When I decided to transfer I concurrently decided two things. 1) I wasn't going to go to a completely new school with people I don't know and risk this whole thing not working again for the last two years, and 2) I wasn't going to go to Pitt. I knew Everyone would look at it as me transferring just to be with my boyfriend, and not care to look any further, so I was going to rule that out completely. The only two places I had some familiarity with were Pittsburgh and State College, though, so I was considering Penn State and Carnegie Mellon. My family reassured me that hey, it's OK if I wanted go to Pitt, so I decided to add that into the mix as well; whatever, Everyone!- think what you want. And honestly, I never have ever wanted to go to Penn State, so that was really only a backup plan (as it was the first round of applying to schools senior year). I went to visit both Pitt and CMU one snowy weekend in January (I think I was the only one leaving DC for Obama's inauguration). CMU made a bad impression (well the tour guides did; terrible people), and the campus was a bit too similarly condensed like AU. It didn't feel right. Pitt however was lovely. I made sure to go on the tour and spend some time around campus by myself. And that weekend I decided to go to Pitt.

This post is getting pretty long and probably boring, so I'll try to keep the last two years at Pitt short. Pitt has been better, but I've come to realize that it's not the school, it's just me. Academically I'm fine probably anywhere. That part of school- the part with working and going to class and learning- I'm very good at and quite enjoy. That was never the problem. The problem was with having fun, and getting to know people, and being able to relate to people outside of class. When Kyle and I had a six month overlap attending Pitt, he was the one that made sure I had fun, and at least attempted to have the kind of fun that every other student seems to enjoy (because let's face it: going to college is hardly just about going to classes). But really, going to a random party with strangers and playing beer pong is not fun for me. Beer pong is boring. Drinking just to be way too drunk is stupid. College kids are mostly really annoying, full of booze or not.

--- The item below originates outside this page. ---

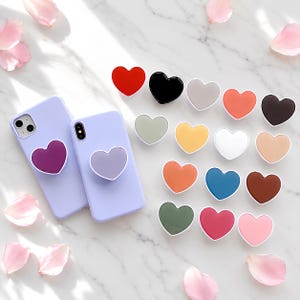 Peut inclure: Deux coques de smartphone violet clair, chacune dotée d'un support de téléphone en forme de cœur. Un support est violet foncé, l'autre est lavande clair. À côté se trouvent seize supports en forme de cœur de couleurs unies variées : rouge, noir, gris, orange, marron, jaune, blanc, beige, bleu, vert, rose et magenta.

I do not party or go to bars or do many fun things as most college kids do. I've never been very good at being a "normal" college kid. I thought it was the school I was at; wrong!- it's me. I think starting college with a group of people a year younger than me really threw me off. I'm much better at being "old" than being "young," but everyone around me seemed for the most part so much younger and more at ease with the college lifestyle, so it has been hard to find a comfortable place and role for me socially at/outside of school. I feel like I was upset a lot of the time- because people were inconsiderate and keeping me awake at night, because I was never quite comfortable in my surroundings, because the one person that really understood me was always far away, because I didn't understand why I couldn't have fun with/like everybody else. I thrived as a stage manager, as a tutor, as a responsible worker, at time management and never once having to pull an all-nighter -all things the mature and older side of me was well suited for. That isn't to say that being old equals not having good times; I've had plenty of those over the last four years, and made a few great friends. I just feel I've failed at what it seems should be the easiest part of attending university: enjoying it.

Here I am come graduation, and I'm not good friends with a single senior at this school. Why go to a ceremony with a bunch of people I don't know? I do not like celebrating things that have to do with myself, but if I went I'd have only myself to celebrate for. I don't mind; the ceremony and celebration of it all is not a big deal to me. I did well in school, learned and forgot a lot of interesting things, had good experiences working in the field, maintained a wonderful long distance relationship, got married to my best friend, and now I'm figuring out what I want to do in grad school and beyond. The last four years were a success, and I guess they did turn out how they were supposed to; how could I think otherwise? They just were not the four years I thought they would be, or the four years everyone around me seemed to have.